-- WHAT NEEDS TO BE DONE --
Copy every record below exactly, leaving out any pictures.

-- MATERIAL SHOWN --
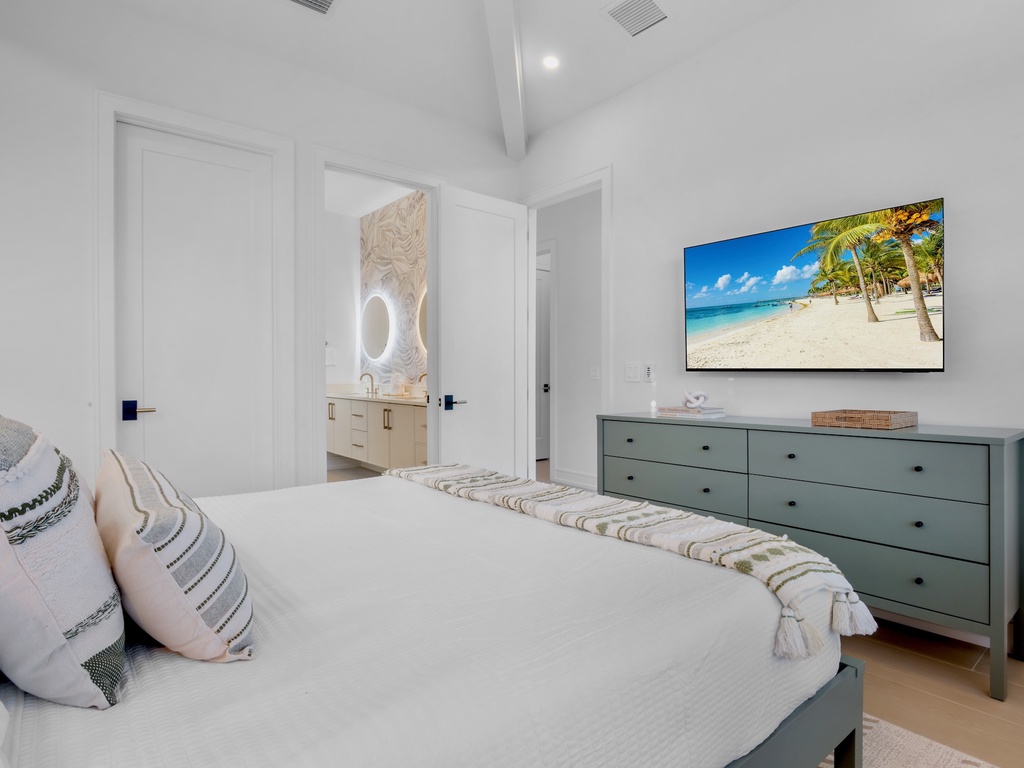 Third Bedroom, King bed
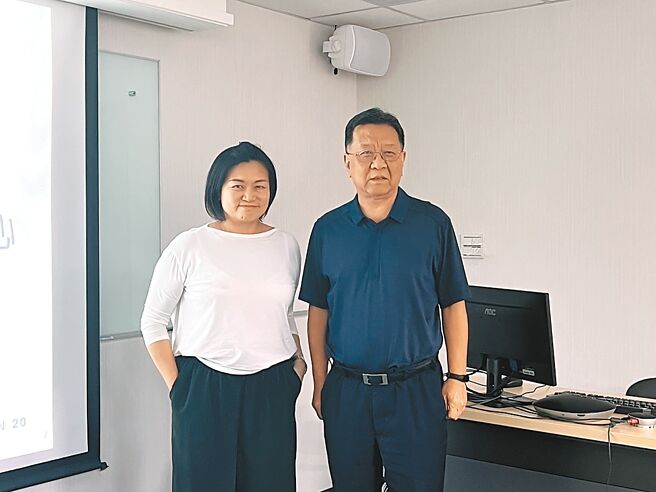 正崴發言人劉素芳（左）、財務長卜慶藩昨日召開法說會，對於AI商機十分期待。圖／鄭淑芳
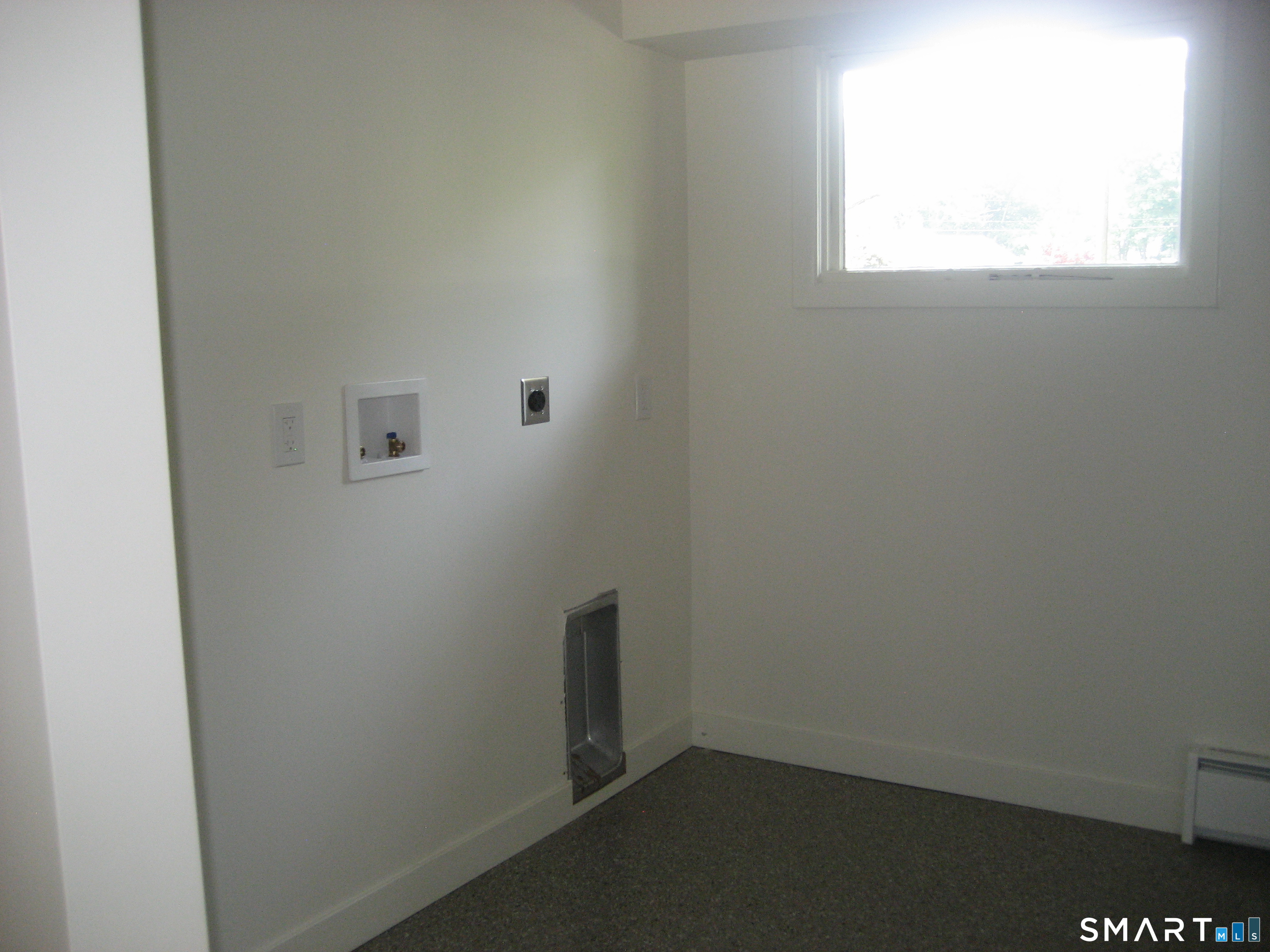10 Royal Oaks Drive Norwich CT 06360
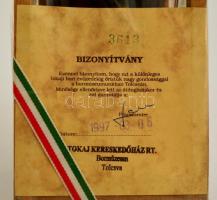 1956 Tokaji aszú, 5 puttonyos édes fehérbor, 0,5 l, díszcsomagolásban, tanúsítvánnyal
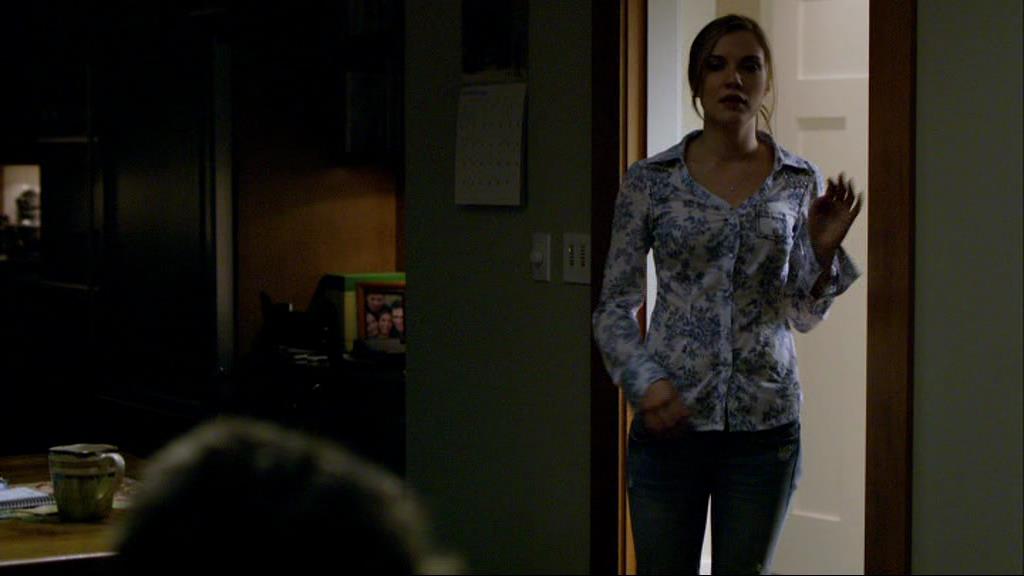 VampireDiariesWorld-dot-org_1x01Pilot_Captures02455.jpg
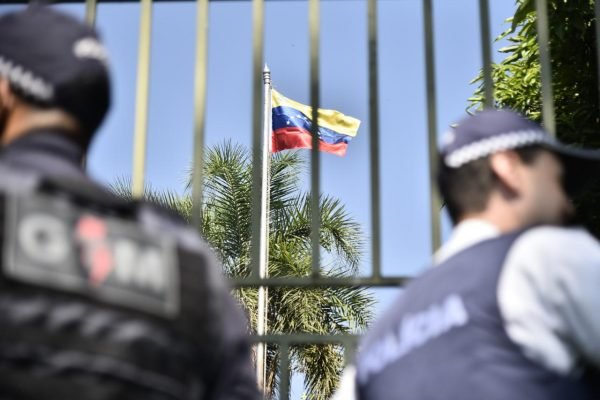 Grupo pró-Guaidó invade a Embaixada da Venezuela em Brasília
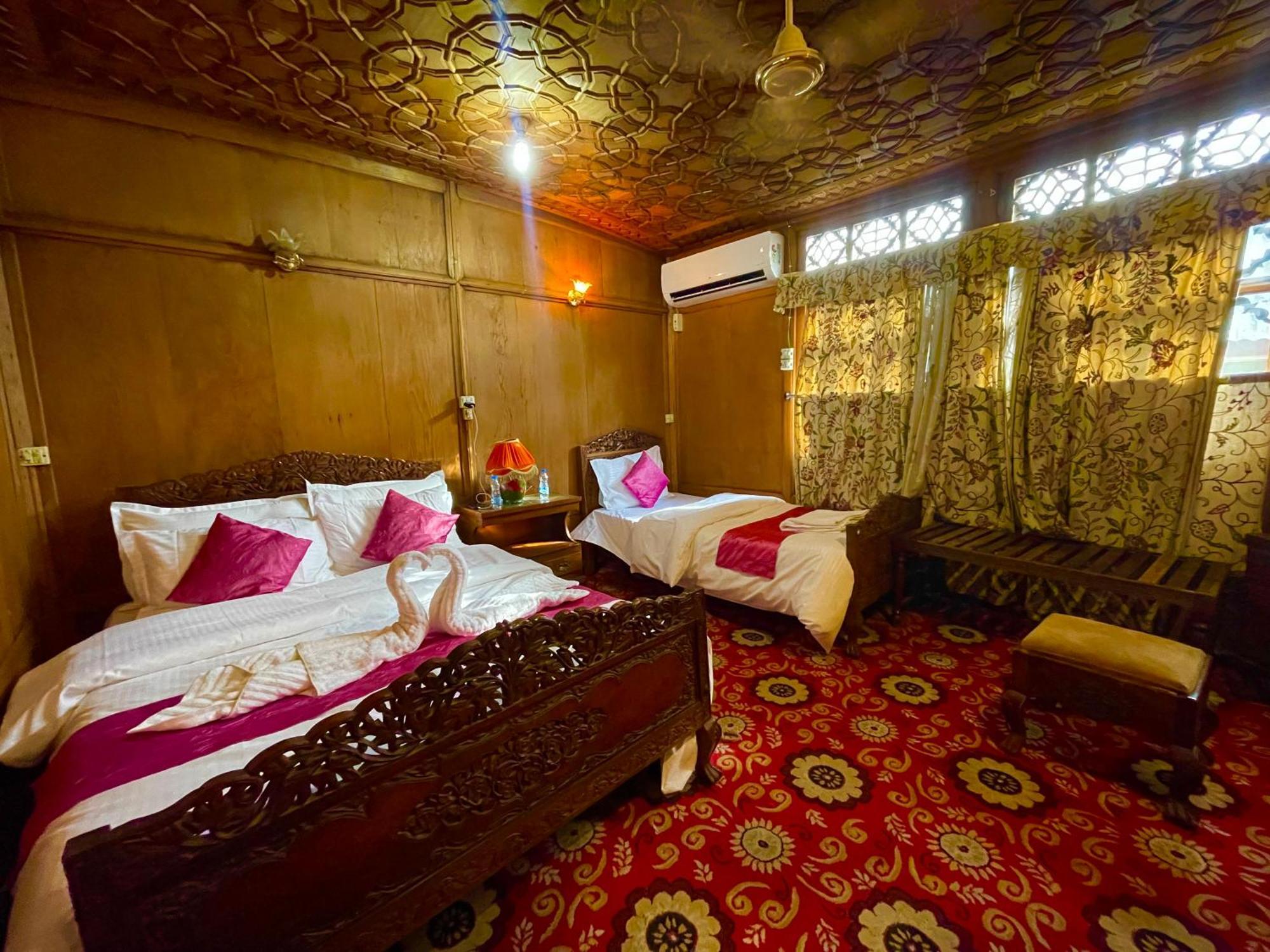 New Sea Palace Houseboats Srīnagar Dış mekan fotoğraf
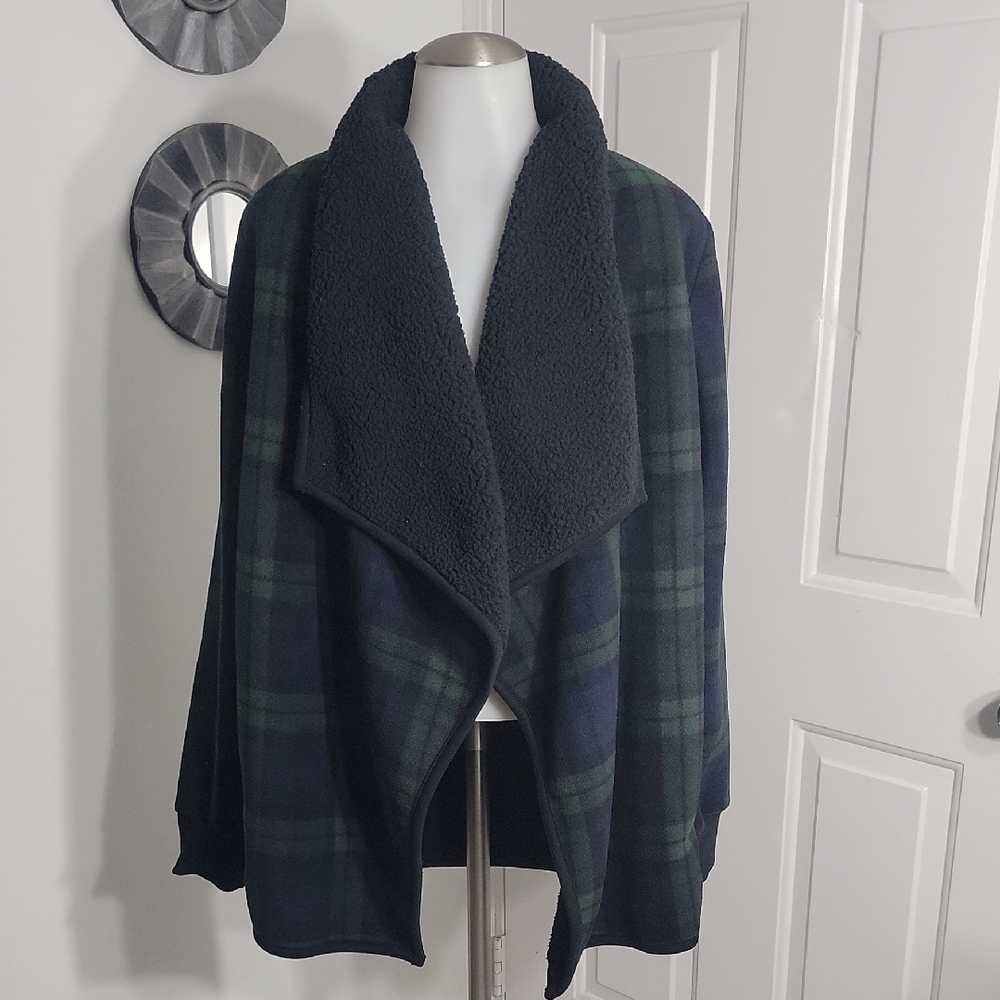Abercrombie & Fitch Flap Collar Plaid Open Front Jacket  Sherpa Lining Size L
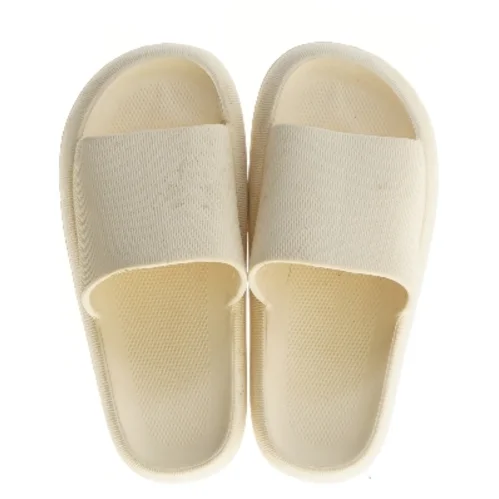 Cremefarvede hjemmesko (str. 40-41 cm)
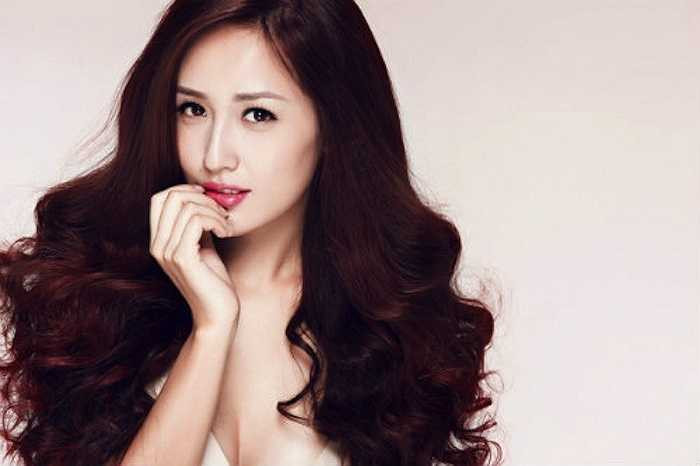 Mỗi khi xuất hiện tại các sự kiện trong nước và quốc tế Hoa hậu Mai Phương Thúy luôn thu hút giới truyền thông và mọi ánh nhìn của người hâm mộ 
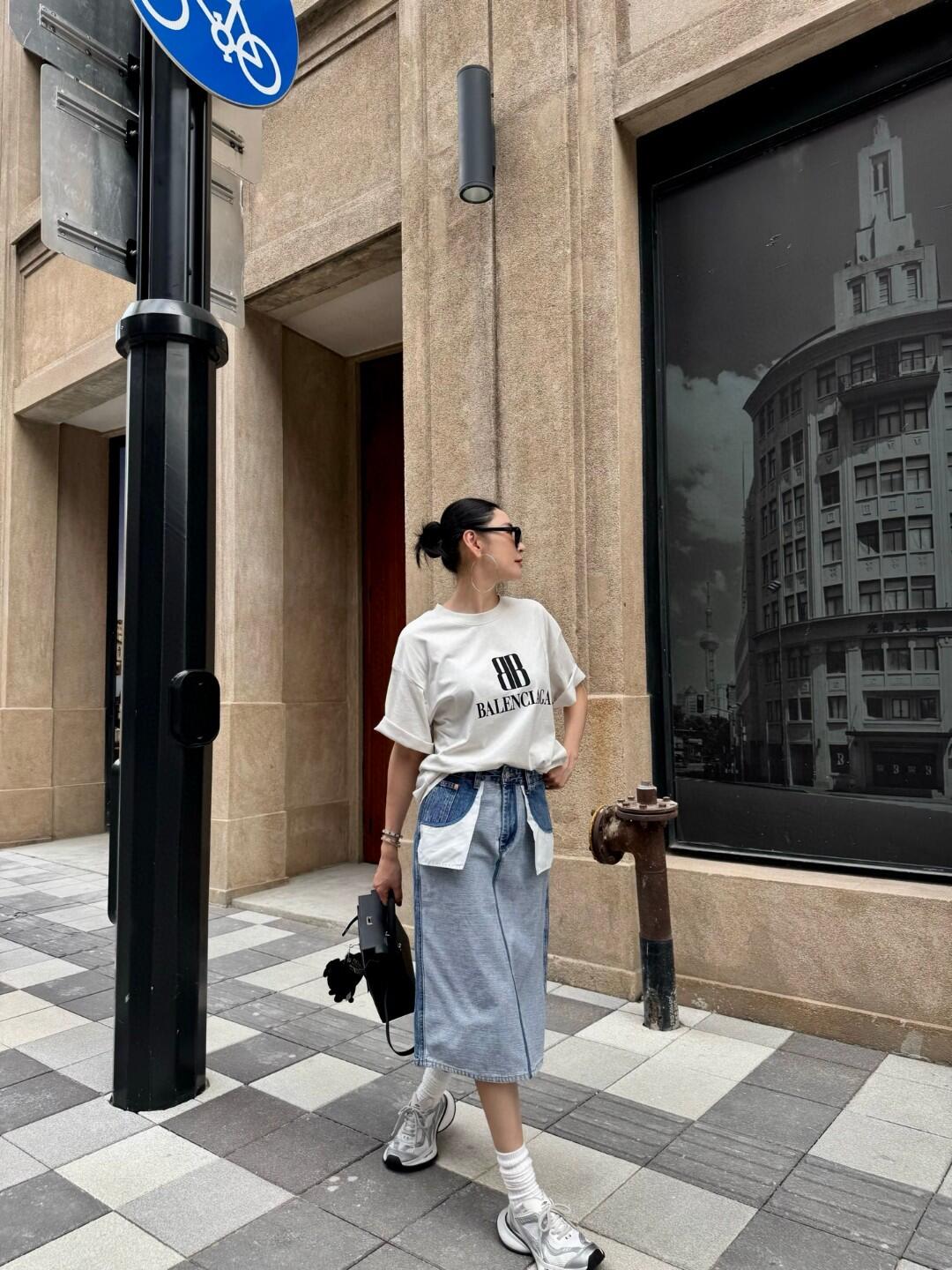R공장 / 발렌시아가 남성 미디엄 반팔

-- RESULT BELOW --
 Third Bedroom, King bed
 正崴發言人劉素芳（左）、財務長卜慶藩昨日召開法說會，對於AI商機十分期待。圖／鄭淑芳
10 Royal Oaks Drive Norwich CT 06360
 1956 Tokaji aszú, 5 puttonyos édes fehérbor, 0,5 l, díszcsomagolásban, tanúsítvánnyal
 VampireDiariesWorld-dot-org_1x01Pilot_Captures02455.jpg
 Grupo pró-Guaidó invade a Embaixada da Venezuela em Brasília
 New Sea Palace Houseboats Srīnagar Dış mekan fotoğraf
Abercrombie & Fitch Flap Collar Plaid Open Front Jacket  Sherpa Lining Size L
 Cremefarvede hjemmesko (str. 40-41 cm)
 Mỗi khi xuất hiện tại các sự kiện trong nước và quốc tế Hoa hậu Mai Phương Thúy luôn thu hút giới truyền thông và mọi ánh nhìn của người hâm mộ 
R공장 / 발렌시아가 남성 미디엄 반팔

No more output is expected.